By the end of Sunday, I’m exhausted from the long week and disappointed that I didn’t have a solid multi-hour block to sit back, unwind, and do something that I really want to do: like take a really long flight in Flight Simulator, play Minecraft or Valheim, tweak my homelab, or read a book. I usually wake up on Monday anxious about all the chores I need to get done with the goal of getting them done before Sunday so that I will have free time at the week’s end.
I don’t even have kids! I know it will get worse when I do.
Of course when I stumbled upon the “What is your time really worth to you?” quiz from clearerthinking.org on hackernews, I took it immediately. Turns out, my free time is worth a lot to me: on the order of hundreds of dollars an hour.
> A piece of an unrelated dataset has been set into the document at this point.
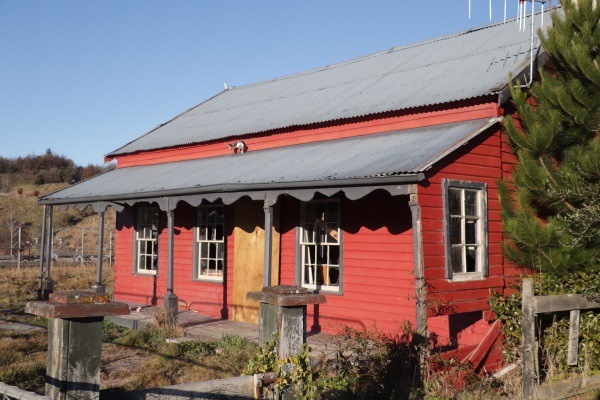 The front of Bridesdale Farm's McBride Cottage. Photo: Mountain Scene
I’m desperate to get just a few more minutes of free time out of my days.
I’m taking the results of my “test” to the extreme – for the past month, every time I have the thought “am I wasting my time?”, I try to find a way to spend money in order to give myself more free time. Here are some examples that I’ve found so far – some of which spend money and some don’t.
- I registered for Global Entry (and by extension TSA Pre-Check) to save myself time at the airport. This cost $100 and so far, I’ve saved a few hours on our vacation to Banff National Park.
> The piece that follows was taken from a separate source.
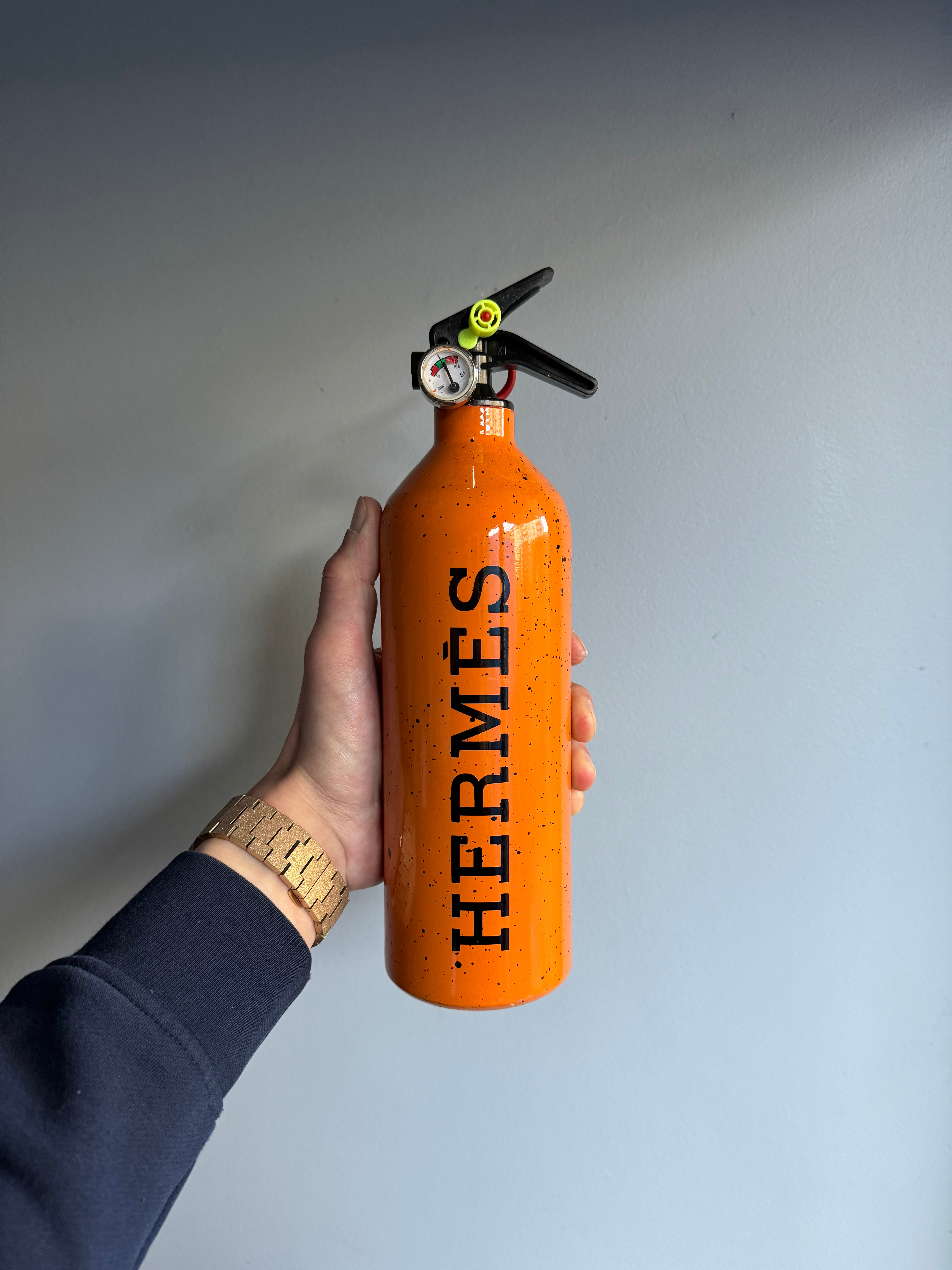 Fire extinguisher H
- I hired cleaners to come bi-weekly to help clean areas which I spend a lot of time on: the stove, bathroom, cabinet doors, and vacuuming cat hair off the couch. This cost $75 per visit and have saved me a few hours so far.
- In general, I’m trying to look things up on the Internet less. I find that I spend way too long searching for something “perfect” when in reality a single recommendation will do. For example, we recently went on a vacation to Banff National Park and actually used the Visitors Center that we seemed skip on all of our other vacations. We had spent a few hours trying to figure out plans for Canoeing – the visitors center gave us an answer in less than 5 minutes. Easy.
- If I buy food and water when I’m hungry, even if it means paying a bit more or sacrificing quality, I noticed that I’m happier than if I waited for something better (while starving). Again, this helped us out in our recent Banff vacation.
I’ll continue looking for ways to give myself back some time. There are a few things that I’d like to try that I haven’t been able to yet: hiring a laundry service to pick up my laundry, hiring a personal assistant to help me manage my email inbox, hiring someone to help come up with my weekly meal plans.
I fully realize that several of these are only possible because I’m fortunate enough to have money to spend. The concept of spending money to get back time is still new to me, however, since I grew up in a relatively frugal household.